PROBLEM DETAILS: After finding the line with "Oran Leather U-736" in the data below, set down exactly each line through the one with "Set mobilier de", inclusive, and stop there.

SUPPLIED MATERIAL:

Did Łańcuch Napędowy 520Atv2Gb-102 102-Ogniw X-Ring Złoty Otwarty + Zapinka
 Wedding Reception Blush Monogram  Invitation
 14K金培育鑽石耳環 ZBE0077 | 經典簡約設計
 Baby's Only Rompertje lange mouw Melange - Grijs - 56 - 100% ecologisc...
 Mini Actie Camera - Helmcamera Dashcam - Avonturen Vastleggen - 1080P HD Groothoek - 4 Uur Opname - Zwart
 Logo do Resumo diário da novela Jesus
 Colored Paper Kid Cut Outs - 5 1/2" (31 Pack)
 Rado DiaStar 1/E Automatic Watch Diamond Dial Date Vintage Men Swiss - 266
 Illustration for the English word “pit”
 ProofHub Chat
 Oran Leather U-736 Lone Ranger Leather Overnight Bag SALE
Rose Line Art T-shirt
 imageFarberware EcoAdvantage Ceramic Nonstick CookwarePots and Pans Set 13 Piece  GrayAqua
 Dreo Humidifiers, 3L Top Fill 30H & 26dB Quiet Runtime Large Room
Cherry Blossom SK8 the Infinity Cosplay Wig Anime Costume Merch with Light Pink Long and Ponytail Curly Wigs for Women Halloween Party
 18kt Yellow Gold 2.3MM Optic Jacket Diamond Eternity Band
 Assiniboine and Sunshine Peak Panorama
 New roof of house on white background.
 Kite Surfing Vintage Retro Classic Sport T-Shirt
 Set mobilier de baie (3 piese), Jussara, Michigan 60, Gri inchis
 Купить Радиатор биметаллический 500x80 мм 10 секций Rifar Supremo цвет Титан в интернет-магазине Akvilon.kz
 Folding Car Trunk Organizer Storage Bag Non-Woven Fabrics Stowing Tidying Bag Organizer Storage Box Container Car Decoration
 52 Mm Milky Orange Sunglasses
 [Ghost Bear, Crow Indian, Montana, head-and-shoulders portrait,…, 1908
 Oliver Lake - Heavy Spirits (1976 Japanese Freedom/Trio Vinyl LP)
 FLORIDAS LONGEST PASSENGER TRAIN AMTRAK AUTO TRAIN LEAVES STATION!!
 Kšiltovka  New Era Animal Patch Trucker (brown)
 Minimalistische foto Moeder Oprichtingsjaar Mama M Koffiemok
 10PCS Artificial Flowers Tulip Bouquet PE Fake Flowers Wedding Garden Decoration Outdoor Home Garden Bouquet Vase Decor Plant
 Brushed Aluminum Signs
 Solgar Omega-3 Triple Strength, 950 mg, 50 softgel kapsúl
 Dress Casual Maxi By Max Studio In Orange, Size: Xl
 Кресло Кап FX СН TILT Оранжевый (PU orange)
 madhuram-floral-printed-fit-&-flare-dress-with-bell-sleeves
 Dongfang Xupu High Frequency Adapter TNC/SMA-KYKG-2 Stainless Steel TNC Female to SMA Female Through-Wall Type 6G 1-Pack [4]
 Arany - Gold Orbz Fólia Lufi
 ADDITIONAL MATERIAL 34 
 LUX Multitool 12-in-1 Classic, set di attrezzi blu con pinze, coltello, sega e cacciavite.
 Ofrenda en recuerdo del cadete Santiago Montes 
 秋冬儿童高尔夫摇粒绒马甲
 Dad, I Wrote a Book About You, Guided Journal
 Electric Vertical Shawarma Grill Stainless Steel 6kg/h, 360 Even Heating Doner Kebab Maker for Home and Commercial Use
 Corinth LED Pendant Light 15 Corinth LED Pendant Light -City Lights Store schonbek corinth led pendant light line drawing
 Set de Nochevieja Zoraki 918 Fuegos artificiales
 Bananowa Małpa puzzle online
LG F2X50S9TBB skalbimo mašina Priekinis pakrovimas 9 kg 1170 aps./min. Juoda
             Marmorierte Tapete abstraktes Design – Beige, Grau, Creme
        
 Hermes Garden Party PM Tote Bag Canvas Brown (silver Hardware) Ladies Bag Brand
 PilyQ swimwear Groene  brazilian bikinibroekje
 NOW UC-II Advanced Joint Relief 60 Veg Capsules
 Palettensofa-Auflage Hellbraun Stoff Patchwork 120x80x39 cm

RESULT:
 Oran Leather U-736 Lone Ranger Leather Overnight Bag SALE
Rose Line Art T-shirt
 imageFarberware EcoAdvantage Ceramic Nonstick CookwarePots and Pans Set 13 Piece  GrayAqua
 Dreo Humidifiers, 3L Top Fill 30H & 26dB Quiet Runtime Large Room
Cherry Blossom SK8 the Infinity Cosplay Wig Anime Costume Merch with Light Pink Long and Ponytail Curly Wigs for Women Halloween Party
 18kt Yellow Gold 2.3MM Optic Jacket Diamond Eternity Band
 Assiniboine and Sunshine Peak Panorama
 New roof of house on white background.
 Kite Surfing Vintage Retro Classic Sport T-Shirt
 Set mobilier de baie (3 piese), Jussara, Michigan 60, Gri inchis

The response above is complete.